Sometimes though I wonder whether perhaps we should have been slightly more specific about what we wanted in abundance, especially now, when our ducks have produced brood after brood of ducklings, which seem to be thriving all too abundantly, with far fewer casualties than most years.
Ducks are notoriously bad mothers. My sister-in-law has regularly been traumatised by losing ducklings to birds of prey, snakes, or simply to their mothers letting them get cold and wet on a chilly spring day. Several years back it got so that the only way of raising the next generations was to take them away from their mothers and raise them under a light until they were big enough to weather the big wild world on their own.
|Setting up a pen to raise the first brood this year|
About three years ago we were down to one lone duck after an eagle picked the rest off one by one, and we had to advertise in the lonely hearts column for two more ducks to keep him company. Last year however one mother duck successfully raised two broods, immediately laying a second clutch of eggs after her first eight ducklings were whisked off to be raised in safety. We were suddenly up to twenty or so ducks on the farm.
This year her offspring have proved remarkably dedicated to their reproductive duties and, over the past month, no fewer than seven mama ducks have emerged from the bushes proudly leading lines of fluffy yellow or brown ducklings. The first two broods (of eight and twelve respectively) were duly taken to a safe warm box of straw to be raised. The next ones were herded into the duck pens with their mothers to be kept safe from predators but take their chance with the vagaries of ducky mothering abilities. Mamas five and six were also penned in a big run on our stoep to keep them safe.
By the time we got to Mama duck number seven there was nowhere left to pen her, so she was allowed to roam free. She’s amazed us by only losing one duckling so far and being a remarkably good mother. She supervises water play and calls them out to get warm and preen feathers after they've had long enough. She keeps them warm and hidden away at night and has restored our faith in ducks instinctive mothering skills. We then started feeling bad about one penned mama who was getting very frustrated with her captivity, so we thought we’d give her a shot at raising her ducklings free range too. They were a week old already, still cute and fluffy but not as tiny and vulnerable as newly hatched ones.
So before the girls went off to school today, we caught the whole family, took them to a nice area of bushes and released them. After five minutes of the girls running around after her with the ducklings that had got left behind, mama duck seemed to have calmed down and have all her ducklings under control. Until, that is, free-range mama duck arrived at the water run-off with her brood. This is where the grey water runs out into a small ditch and is a favourite duck playground and wallowing area.

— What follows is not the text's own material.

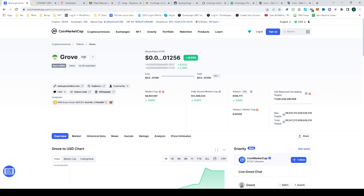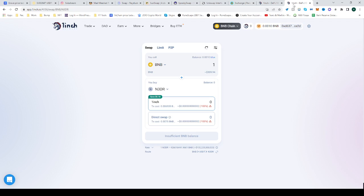Once you are on the page of GVR, see where the contract is. It's on the BNB Smart Chain. Copy that address and head over to 1inch.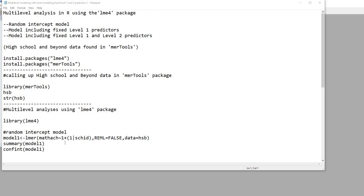Hello. In this video, I'm going to talk to you about multi-level analysis in R using the LME4 package. Specifically, I'm going to demonstrate a random intercept model, a model that includes fixed level 1 predictors, and then another model that includes both fixed level 1 and level 2 predictors. The dataset that we'll be using is High School and Beyond, which can be found in the MERtools package.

The newly-freed ducklings rushed off to join the free-range brood and played happily in the water for ages. By the time free-range mama called her family out of the water to preen their feathers, the other ducklings had so far identified with their new friends that they went and joined free-range mama, copying all their movements.
|Duck grooming session|
Their own mama meanwhile was wandering around quacking desultorily, looking for them in all the wrong places. Even when we shooed her down the hill to join them, she didn’t seem to recognise them as her own. Three of them wandered towards her, then changed their mind and ran back to their new friends. In no time free-range mama had a family of fifteen clustering around her and other mama was quacking around distractedly any time she remembered, in between having a nice bath herself and forgetting about them entirely.
I was inclined to leave things as they were, free-range mama seeming to be quite happy with her extra large family, but in the end distracted mama was given a slightly larger pen area and put back in with most of her babies. One of hers has remained with free-range mama and nobody seems to mind the swap.
|Distracted mama duck re-assigned to high density housing|
The first hatchlings now have their adult feathers and are ready for new homes. I think we’ll be repopulating the entire local area with ducks at this rate, so if you hear of Cape Town being overrun by a mysterious plague of ducklings next spring, it may well be our ducks to blame. Unless of course this was a freak breeding season and next year we go back to cocooning our few precious survivors once again.
We are lucky enough to have an abundance of strawberries too this season, so I’m not going to complain about the Universe’s generosity. Just need to get jamming to show that I really do appreciate it!